L’instruction des filles musulmanes, quelque désirable qu’elle soit, ne doit être poursuivie qu’avec la plus grande réserve. D’abord il ne faut l’imposer nulle part. S’il paraît possible d’en faire l’essai dans quelques localités mieux préparées ou plus accommodantes que d’autres, il sera bon de l’organiser de façon à n’éveiller aucune susceptibilité, à ne blesser aucun sentiment respectable. Le mieux serait qu’elle se fit accepter et même rechercher par les avantages immédiats qu’elle procurera. Dans les conditions présentes, je ne vois que trois manières de l’introduire ou trois formes à lui donner.

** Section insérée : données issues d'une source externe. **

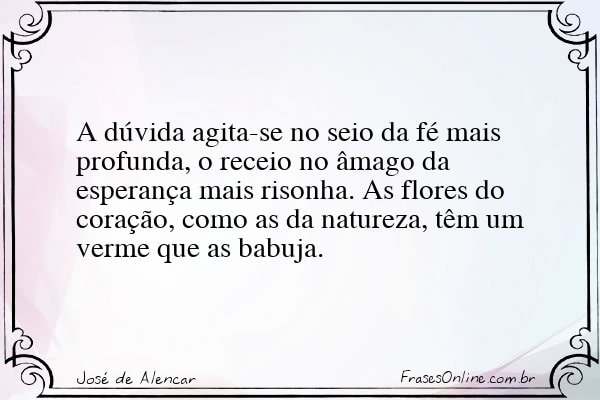 Frase de José de Alencar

L’éducation donnée par une femme française dans l’intérieur de la famille indigène. — Puisque les parents arabes ou kabyles consentent difficilement à envoyer leurs filles dans nos écoles, pourquoi n’irait-on pas les instruire chez elles ? Les femmes, filles, sœurs ou mères de nos instituteurs pourraient essayer d’entrer en relations avec les femmes indigènes, gagner peu à peu leur confiance, apprendre leur langue et leur enseigner, ainsi qu’à leurs filles, quelques mots de la nôtre, leur montrer l’art de devenir plus habiles dans les travaux d’aiguille, leur donner quelques conseils d’hygiène et, au besoin, quelques soins médicaux, enfin réunir quelques petites filles, tantôt chez l’une, tantôt chez l’autre, pour leur donner quelques éléments d’instruction française. Le système a été essayé plusieurs fois en Kabylie ; nous savons qu’il a échoué dans certaines tribus, mais qu’il a réussi dans d’autres.

Les écoles enfantines. — À partir d’environ huit ans, les petites filles sont séparées des garçons, elles sont voilées en pays arabe, elles doivent rester à la maison. Les parents se décideront difficilement à les envoyer à l’école. Il n’en sera pas tout à fait de même pour les petites filles de quatre à huit ans. Elles peuvent aller en classe avec les petits garçons du même âge. L’institutrice rend service aux familles en les gardant, en leur donnant des soins maternels, en leur enseignant à manier une aiguille, à confectionner de petits tricots, tout en leur apprenant à parler un peu le français, puis à le lire et même à l’écrire. Des écoles enfantines de cette nature ont pu être ouvertes à Aït-Hichem et à Azerou-Kollal, dans la commune mixte de Djurjura, et à Loutan-Thourt dans le Guergour. D’autres vont être créées dans la commune mixte de Fort-National. Celle d’Aït-Hichem est en très bonne voie, grâce à l’appui d’un chef indigène intelligent et dévoué.